Ormai le B Corp sono oltre 1.600 a livello mondiale e vogliono fare la differenza e contribuire al cambiamento del sistema. Un impegno che viene espressamente manifestato tramite una dichiarazione di interdipendenza: “Dobbiamo essere il cambiamento che vogliamo vedere nel mondo, tutte le aziende dovrebbero essere gestite in modo da creare benessere alle persone e al pianeta; attraverso prodotti, pratiche e profitti, le aziende dovrebbero ambire a dare beneficio a tutti”.
L’economista Robert Shiller, premio Nobel per l’economia 2013, dopo aver studiato in questi anni l’andamento delle aziende for benefit, è arrivato alla conclusione che oltre a portare dei vantaggi agli altri, realizzano risultati economici migliori rispetto alle imprese tradizionali.

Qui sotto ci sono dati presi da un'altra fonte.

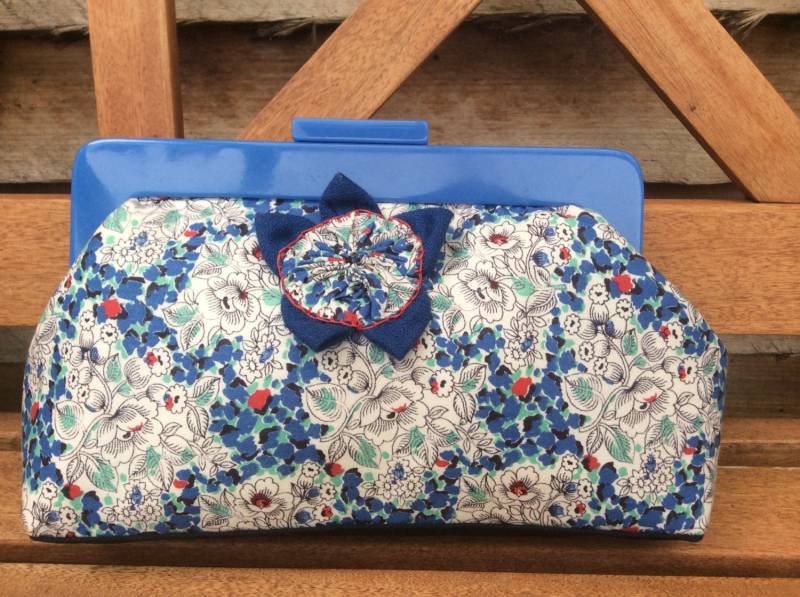 Blaue Florale Clutch Geldbörse Mit Blauem Harz Griff, Innentasche Und Hand. Aus Baumrindenstoff Blumendekoration von MissFunBags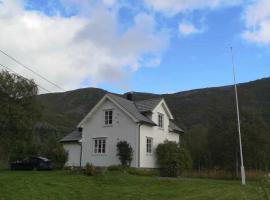 Lofoten view Skokkelvika，位于Valberg的酒店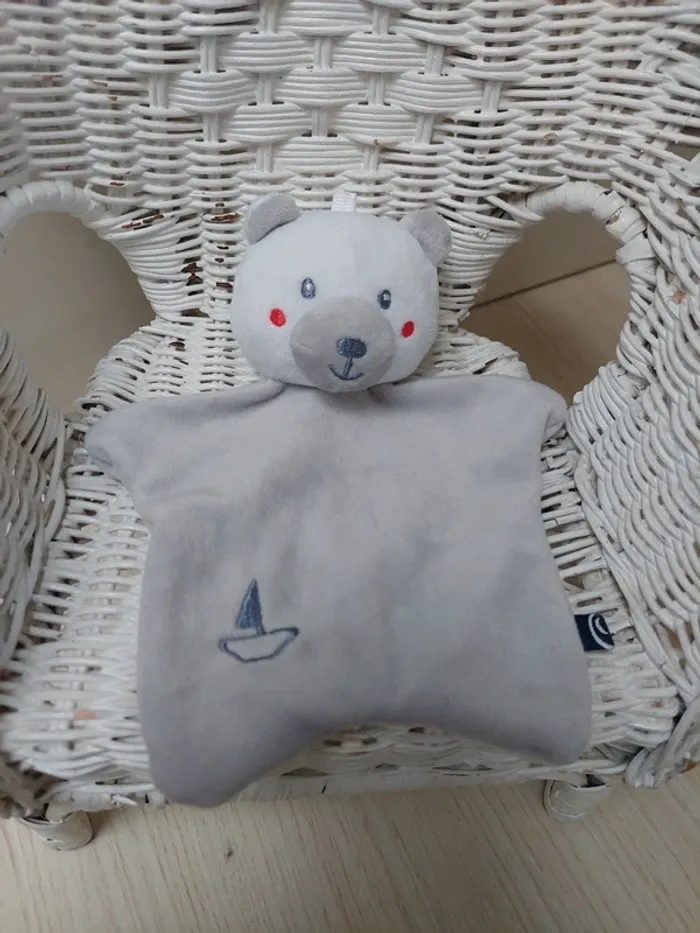 Sucre d'orge - doudou ourson gris Eustazii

È quindi diventato imprescindibile allineare economici e interessi sociali, per generare sviluppo oggi? La Voce di New Yorkne ha parlato con Roberto Randazzo, avvocato e docente di diritto degli Enti non profit all’Università Luigi Bocconi di Milano
Le società benefit possono considerarsi una nuova via di fare impresa sociale?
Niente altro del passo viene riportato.